# DATA RECORDS

--------------------

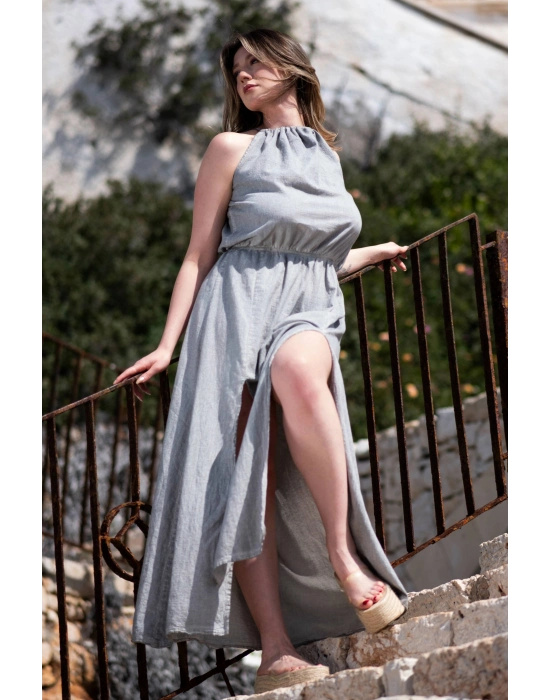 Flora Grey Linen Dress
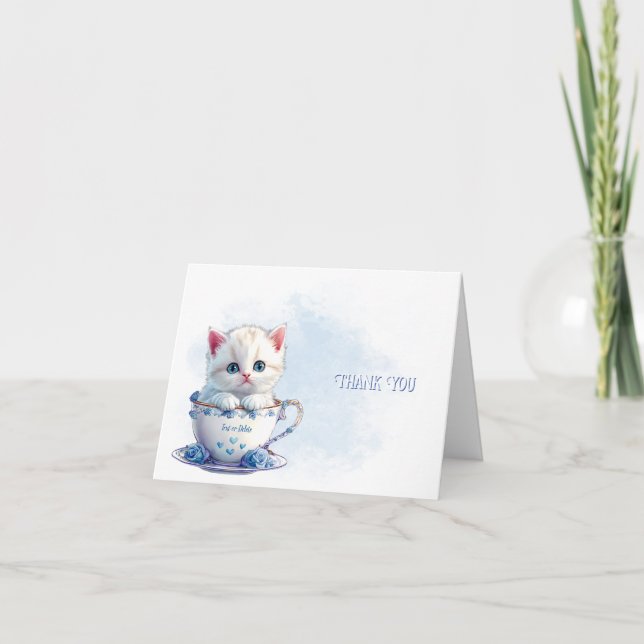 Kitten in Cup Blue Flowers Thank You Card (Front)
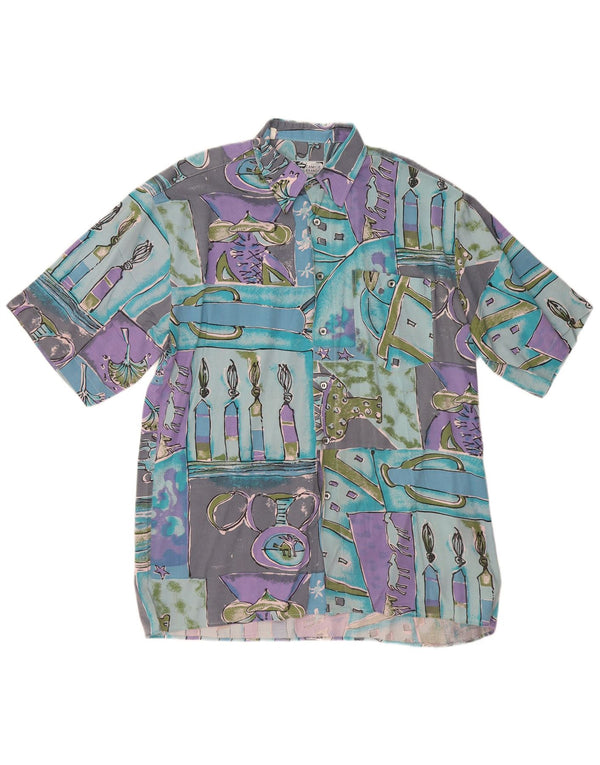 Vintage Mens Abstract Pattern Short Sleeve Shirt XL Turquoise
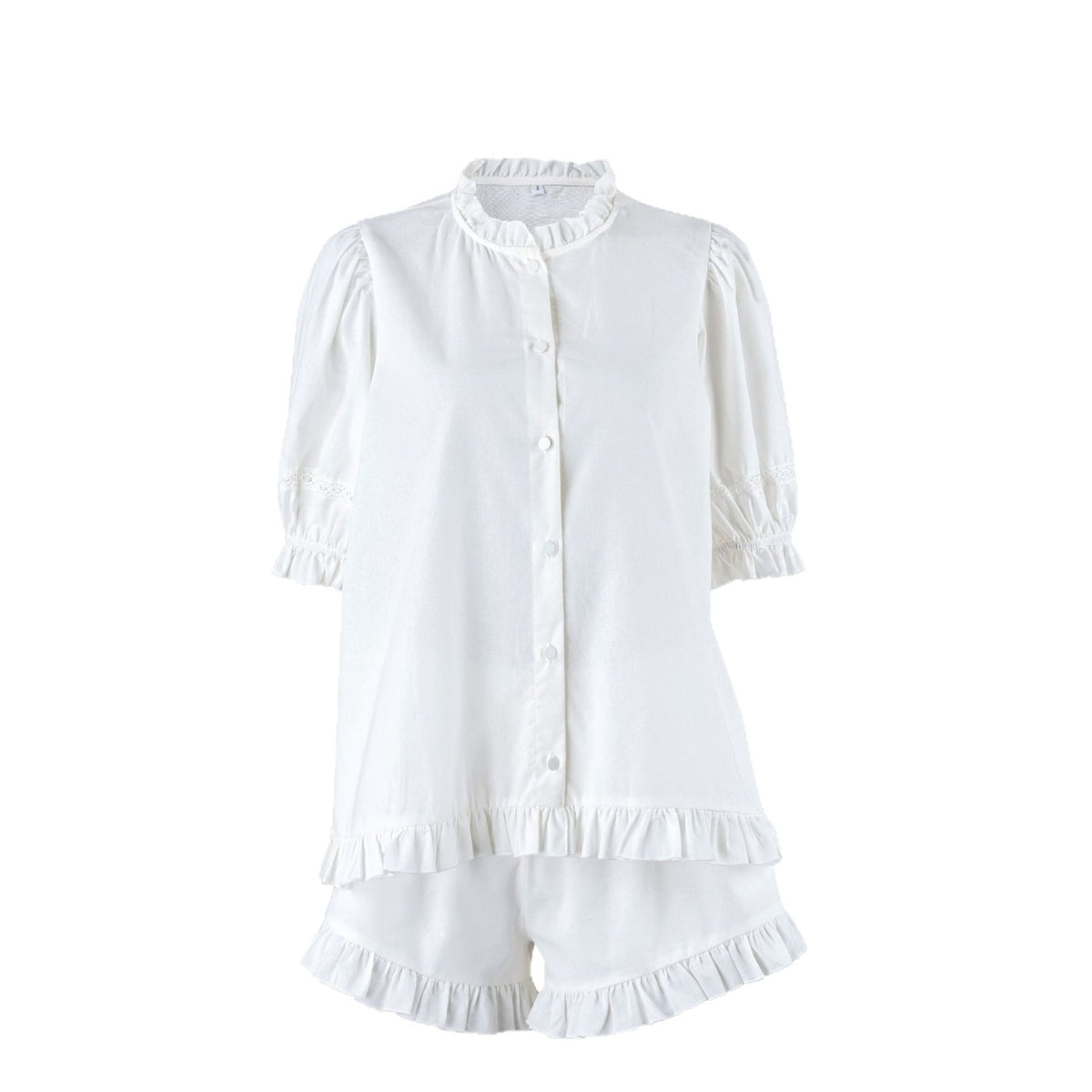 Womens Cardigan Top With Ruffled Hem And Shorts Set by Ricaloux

--------------------

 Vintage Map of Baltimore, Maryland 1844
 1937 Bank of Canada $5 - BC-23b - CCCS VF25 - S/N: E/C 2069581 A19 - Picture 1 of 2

--------------------

# THE TASK
Within the listing above, print exactly the stretch beginning at the line that contains "Kitten in Cup" and finishing at the line that contains "Womens Cardigan Top", ends kept, pictures left out, and nothing more.

# ANSWER SPACE
 Kitten in Cup Blue Flowers Thank You Card (Front)
 Vintage Mens Abstract Pattern Short Sleeve Shirt XL Turquoise
 Womens Cardigan Top With Ruffled Hem And Shorts Set by Ricaloux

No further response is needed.